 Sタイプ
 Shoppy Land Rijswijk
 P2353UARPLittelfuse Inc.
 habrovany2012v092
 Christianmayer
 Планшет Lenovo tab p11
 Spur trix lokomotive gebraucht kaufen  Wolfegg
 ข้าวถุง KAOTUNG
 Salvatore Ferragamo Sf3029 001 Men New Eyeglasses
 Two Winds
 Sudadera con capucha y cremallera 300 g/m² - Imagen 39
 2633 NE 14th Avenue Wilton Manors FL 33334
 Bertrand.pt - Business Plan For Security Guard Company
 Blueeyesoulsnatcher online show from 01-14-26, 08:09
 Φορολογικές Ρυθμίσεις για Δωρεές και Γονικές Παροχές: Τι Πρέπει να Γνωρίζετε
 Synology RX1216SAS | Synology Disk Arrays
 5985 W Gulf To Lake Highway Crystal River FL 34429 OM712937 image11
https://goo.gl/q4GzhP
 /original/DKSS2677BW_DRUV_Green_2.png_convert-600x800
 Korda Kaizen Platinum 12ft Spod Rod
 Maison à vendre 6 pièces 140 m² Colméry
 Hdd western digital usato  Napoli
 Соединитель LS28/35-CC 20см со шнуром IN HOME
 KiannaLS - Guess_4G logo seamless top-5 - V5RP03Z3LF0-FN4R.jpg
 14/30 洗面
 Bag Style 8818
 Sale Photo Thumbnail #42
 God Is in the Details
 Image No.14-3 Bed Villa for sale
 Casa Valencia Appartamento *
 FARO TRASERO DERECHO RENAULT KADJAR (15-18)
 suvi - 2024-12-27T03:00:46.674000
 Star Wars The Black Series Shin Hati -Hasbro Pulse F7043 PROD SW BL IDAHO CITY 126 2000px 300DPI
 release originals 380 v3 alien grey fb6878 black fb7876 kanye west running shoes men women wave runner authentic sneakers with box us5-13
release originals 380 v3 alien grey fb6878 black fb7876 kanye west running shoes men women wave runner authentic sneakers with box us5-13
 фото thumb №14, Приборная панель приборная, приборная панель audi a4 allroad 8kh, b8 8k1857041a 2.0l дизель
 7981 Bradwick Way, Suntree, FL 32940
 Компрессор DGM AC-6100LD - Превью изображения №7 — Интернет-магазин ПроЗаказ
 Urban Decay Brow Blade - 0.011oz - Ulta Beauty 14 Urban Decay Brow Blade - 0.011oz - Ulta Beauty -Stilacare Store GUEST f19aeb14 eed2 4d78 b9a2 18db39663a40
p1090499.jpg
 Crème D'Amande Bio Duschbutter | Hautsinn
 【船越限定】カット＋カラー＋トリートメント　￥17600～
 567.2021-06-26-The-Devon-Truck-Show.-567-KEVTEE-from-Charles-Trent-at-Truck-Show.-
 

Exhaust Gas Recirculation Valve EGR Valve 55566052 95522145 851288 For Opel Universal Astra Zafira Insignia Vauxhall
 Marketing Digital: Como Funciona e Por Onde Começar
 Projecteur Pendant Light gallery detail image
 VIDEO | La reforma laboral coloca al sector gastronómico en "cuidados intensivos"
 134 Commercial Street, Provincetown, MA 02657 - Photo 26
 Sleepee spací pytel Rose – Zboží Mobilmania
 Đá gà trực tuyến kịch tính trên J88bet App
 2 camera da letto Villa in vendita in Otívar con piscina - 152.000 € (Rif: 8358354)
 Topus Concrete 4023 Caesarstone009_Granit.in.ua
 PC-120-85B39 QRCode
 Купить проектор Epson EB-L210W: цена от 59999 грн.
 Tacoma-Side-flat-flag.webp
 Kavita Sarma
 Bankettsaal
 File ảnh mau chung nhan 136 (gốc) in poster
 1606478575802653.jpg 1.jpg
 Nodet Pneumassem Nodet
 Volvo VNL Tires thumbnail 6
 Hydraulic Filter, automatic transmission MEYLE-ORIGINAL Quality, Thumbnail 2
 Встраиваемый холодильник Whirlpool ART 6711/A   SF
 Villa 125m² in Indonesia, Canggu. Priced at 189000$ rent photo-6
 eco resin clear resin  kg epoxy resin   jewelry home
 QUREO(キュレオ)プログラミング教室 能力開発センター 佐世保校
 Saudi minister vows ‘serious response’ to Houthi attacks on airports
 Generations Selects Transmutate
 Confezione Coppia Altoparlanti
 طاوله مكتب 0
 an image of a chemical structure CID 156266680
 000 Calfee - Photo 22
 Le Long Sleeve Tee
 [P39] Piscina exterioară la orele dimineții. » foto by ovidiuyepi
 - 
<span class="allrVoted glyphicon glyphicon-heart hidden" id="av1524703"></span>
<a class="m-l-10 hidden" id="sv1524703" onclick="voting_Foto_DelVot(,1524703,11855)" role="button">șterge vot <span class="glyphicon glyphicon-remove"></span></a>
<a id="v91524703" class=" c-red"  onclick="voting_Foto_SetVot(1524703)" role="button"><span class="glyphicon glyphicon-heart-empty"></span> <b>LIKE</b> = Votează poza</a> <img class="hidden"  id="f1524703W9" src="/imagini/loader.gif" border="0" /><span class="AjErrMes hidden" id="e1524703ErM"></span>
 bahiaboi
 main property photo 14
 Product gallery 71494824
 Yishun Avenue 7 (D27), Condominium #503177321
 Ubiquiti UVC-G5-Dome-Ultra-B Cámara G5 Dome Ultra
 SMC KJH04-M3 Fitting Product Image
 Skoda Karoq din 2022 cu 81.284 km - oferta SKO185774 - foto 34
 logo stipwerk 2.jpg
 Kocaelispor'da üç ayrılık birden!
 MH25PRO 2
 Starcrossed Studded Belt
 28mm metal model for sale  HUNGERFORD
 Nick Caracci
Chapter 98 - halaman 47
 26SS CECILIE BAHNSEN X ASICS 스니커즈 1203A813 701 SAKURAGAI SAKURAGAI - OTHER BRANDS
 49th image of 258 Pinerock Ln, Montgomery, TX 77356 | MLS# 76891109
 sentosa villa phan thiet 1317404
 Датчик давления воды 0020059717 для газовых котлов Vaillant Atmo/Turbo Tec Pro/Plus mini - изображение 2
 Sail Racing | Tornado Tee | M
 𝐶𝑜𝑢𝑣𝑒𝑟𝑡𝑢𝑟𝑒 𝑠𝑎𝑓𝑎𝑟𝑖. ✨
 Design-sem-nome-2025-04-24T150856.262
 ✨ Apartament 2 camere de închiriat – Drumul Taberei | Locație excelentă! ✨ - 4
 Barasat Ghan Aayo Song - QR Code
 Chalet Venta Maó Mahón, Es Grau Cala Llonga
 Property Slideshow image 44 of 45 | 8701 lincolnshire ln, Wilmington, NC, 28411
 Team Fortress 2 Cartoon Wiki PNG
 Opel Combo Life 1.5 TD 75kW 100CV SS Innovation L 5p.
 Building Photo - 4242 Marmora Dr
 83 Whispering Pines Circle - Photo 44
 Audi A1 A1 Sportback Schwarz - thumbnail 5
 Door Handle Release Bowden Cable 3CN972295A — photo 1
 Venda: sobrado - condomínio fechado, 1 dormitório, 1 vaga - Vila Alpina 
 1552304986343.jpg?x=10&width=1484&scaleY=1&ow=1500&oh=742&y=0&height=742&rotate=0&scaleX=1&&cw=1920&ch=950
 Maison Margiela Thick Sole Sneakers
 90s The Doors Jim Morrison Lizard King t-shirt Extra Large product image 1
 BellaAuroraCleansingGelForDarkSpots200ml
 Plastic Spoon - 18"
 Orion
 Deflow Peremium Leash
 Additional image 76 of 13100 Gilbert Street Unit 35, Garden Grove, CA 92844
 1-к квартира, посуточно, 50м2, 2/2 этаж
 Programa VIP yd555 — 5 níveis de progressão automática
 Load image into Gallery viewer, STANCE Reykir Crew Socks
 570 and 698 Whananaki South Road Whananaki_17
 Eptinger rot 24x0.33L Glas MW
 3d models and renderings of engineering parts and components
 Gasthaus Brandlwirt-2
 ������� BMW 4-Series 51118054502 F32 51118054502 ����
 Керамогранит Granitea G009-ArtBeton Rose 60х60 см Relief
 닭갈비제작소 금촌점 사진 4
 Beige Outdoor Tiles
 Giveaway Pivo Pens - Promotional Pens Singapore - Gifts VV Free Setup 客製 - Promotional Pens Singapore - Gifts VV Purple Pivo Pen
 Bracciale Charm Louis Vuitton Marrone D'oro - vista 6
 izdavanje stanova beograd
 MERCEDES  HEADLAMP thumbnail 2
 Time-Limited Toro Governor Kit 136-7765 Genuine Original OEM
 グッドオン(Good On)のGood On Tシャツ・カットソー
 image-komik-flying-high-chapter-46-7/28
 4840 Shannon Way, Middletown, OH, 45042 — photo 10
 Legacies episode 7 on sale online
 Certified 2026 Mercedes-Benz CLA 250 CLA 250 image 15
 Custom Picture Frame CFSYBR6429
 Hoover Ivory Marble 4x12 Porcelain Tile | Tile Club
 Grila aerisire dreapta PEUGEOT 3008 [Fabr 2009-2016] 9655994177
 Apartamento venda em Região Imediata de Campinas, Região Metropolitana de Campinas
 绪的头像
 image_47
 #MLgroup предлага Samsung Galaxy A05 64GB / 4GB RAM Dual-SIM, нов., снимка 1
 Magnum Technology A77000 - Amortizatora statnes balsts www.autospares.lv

◆ ◆ ◆ ◆

Copy whichever lines of the records above contain the word "glyphicon".

> **Response below**:
<span class="allrVoted glyphicon glyphicon-heart hidden" id="av1524703"></span>
<a class="m-l-10 hidden" id="sv1524703" onclick="voting_Foto_DelVot(,1524703,11855)" role="button">șterge vot <span class="glyphicon glyphicon-remove"></span></a>
<a id="v91524703" class=" c-red"  onclick="voting_Foto_SetVot(1524703)" role="button"><span class="glyphicon glyphicon-heart-empty"></span> <b>LIKE</b> = Votează poza</a> <img class="hidden"  id="f1524703W9" src="/imagini/loader.gif" border="0" /><span class="AjErrMes hidden" id="e1524703ErM"></span>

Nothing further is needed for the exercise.